* **Input data**
○ ○ ○ ○
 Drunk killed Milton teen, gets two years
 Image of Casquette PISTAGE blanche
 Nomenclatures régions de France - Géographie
○ ○ ○ ○
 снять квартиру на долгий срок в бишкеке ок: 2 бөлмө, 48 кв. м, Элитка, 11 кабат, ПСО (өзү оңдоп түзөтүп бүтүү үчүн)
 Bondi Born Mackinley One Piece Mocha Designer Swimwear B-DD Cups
○ ○ ○ ○
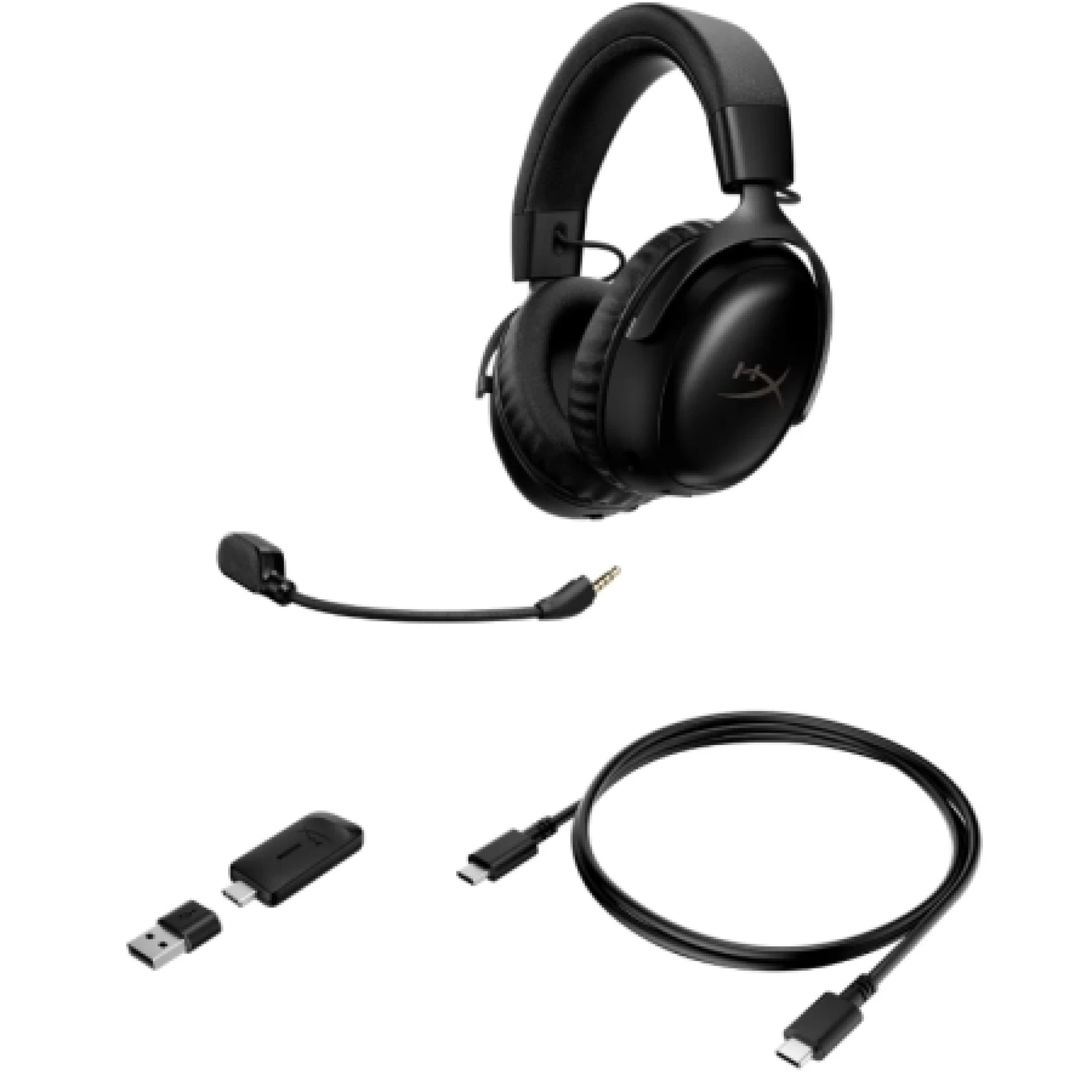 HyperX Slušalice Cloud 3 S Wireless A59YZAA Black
○ ○ ○ ○
* **Aim of the exercise**
With the first line being the one containing "Drunk killed Milton teen, gets two years" and the last line the one containing "Nomenclatures régions de France - Géographie", transcribe exactly the lines above that fall in that range.

* **Response for this exercise**
 Drunk killed Milton teen, gets two years
 Image of Casquette PISTAGE blanche
 Nomenclatures régions de France - Géographie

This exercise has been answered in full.